I don’t know how to help bring healing to a divide that is so deep in our culture and world. I know I have to do something to help and have no idea what to do or how. I can’t form words that reflect the shame and sadness I feel for the divide between groups of people. My whole being shudders more every day with a feeling of powerlessness and hopelessness because I am not contributing to a solution that can create change.
I see African-Americans, Muslims, Latinos and want to say to them; How can I help to heal this problem? What can I do to be more tolerant and have more appreciation for who you are? And most important to me is; How can I express how sorry I am for how you have been put down and made to feel unwelcome, or less than, or inadequate?
It’s not enough for me to love more deeply. It’s not enough for me to be kinder and more present and to see others more clearly. I need to know what I can do to create a real change in our understanding and tolerance towards all others. I want to apologize for what has happened and continues to happen to hurt so many.

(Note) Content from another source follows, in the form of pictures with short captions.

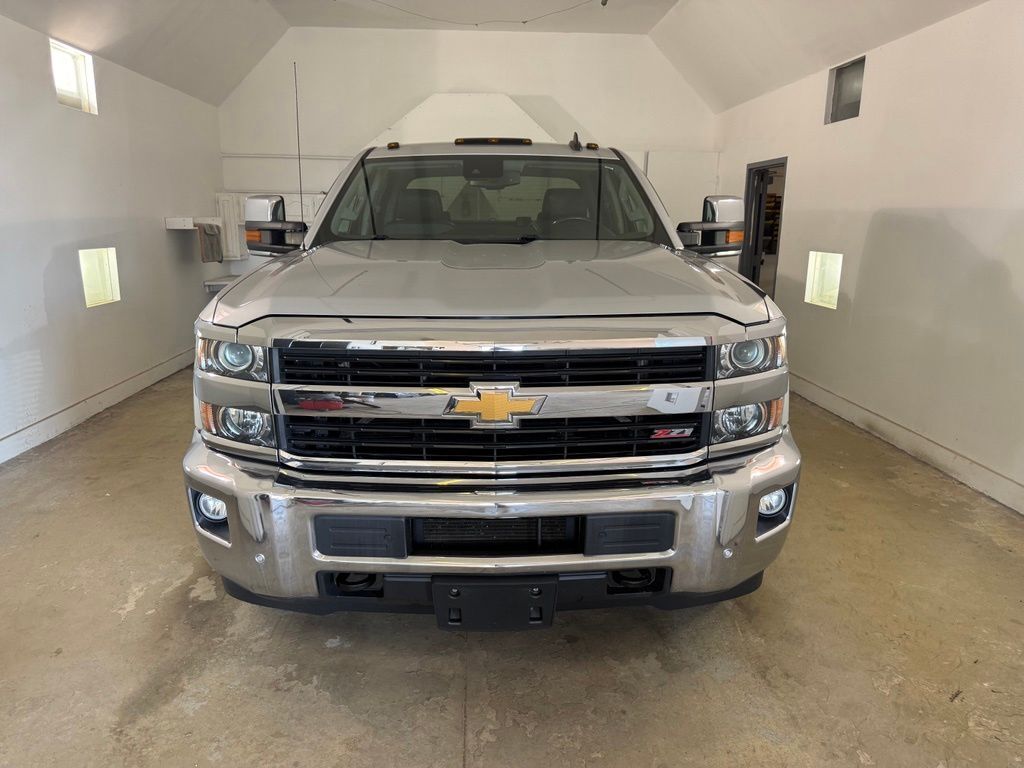 2016 CHEVROLET Silverado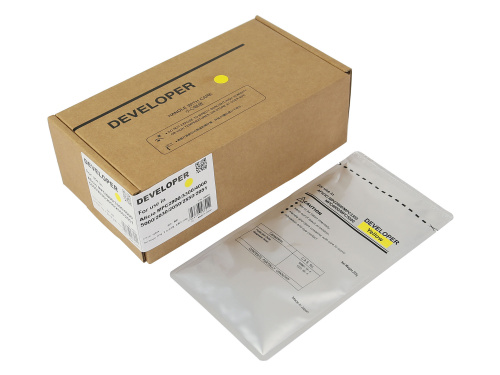 Девелопер для RICOH Aficio MPC2800/3300/2030/2550/2051/2551 (CET) Yellow, 215г, 240000 стр., CET8891Y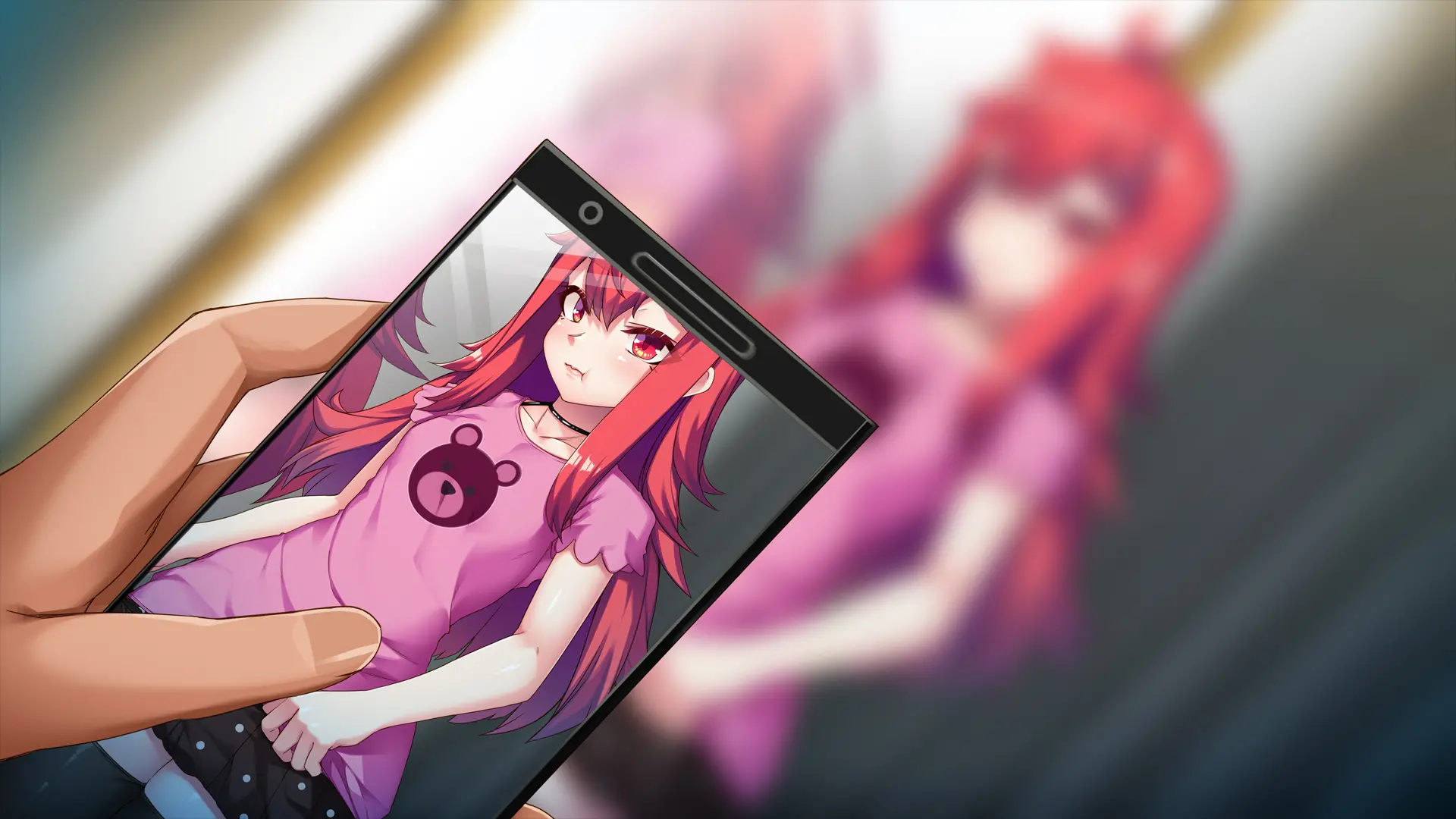 Mesugaki TS Musume ~Ore-Sama Ga Konna Teihen Ni Otosareru Wake Nai Daro W~ | 메스가키TS여자애 내가 허접에게 떨어질리 없잖아ㅋ
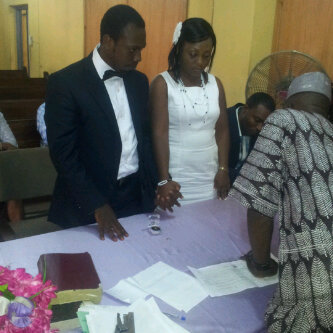 Am blessed on every side.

I want to beg forgiveness. And I never do. I don’t know how. I only know I bear responsibility for this gaping wound.
So I am asking you to help me understand how I can help do what is possible to create healing. How can I give of my self in ways to heal this darkness and bring light to others that lack tolerance and have the same kinds of fear I once had?
It’s true, I had these fears. I did not know why or that I was intolerant and yet I was. I grew up in a homogenous world and only saw what was around me. My world was so small. By some grace I see things differently now. The way I used to see the world was inadequate and shortsighted. I have spent many years trying to change that in my own consciousness and always feel as if I am not doing enough.
This problem is immense and overwhelming and I am only one person. But I am one person with a huge desire to help make things right. I am one person who is now willing to learn and help create something new. There is a seed of hope in me that wants to grow into something bigger and better than I know my self to be right now. By asking you for your input perhaps this seed will be nurtured to grow and blossom into some form of hope for others that will help bridge a gap that is now so desolate and full of pain.
Please, help me learn how to love in the ways that I don’t see are possible now. Help me understand what part I can have to create tolerance, understanding and real love between and through all of us. And help me forgive my self for the pain I have caused anyone who is different from me because of a lack of understanding and ignorance. I want to see what is true and I want to do what is right.
Please, help me love. I can’t love alone.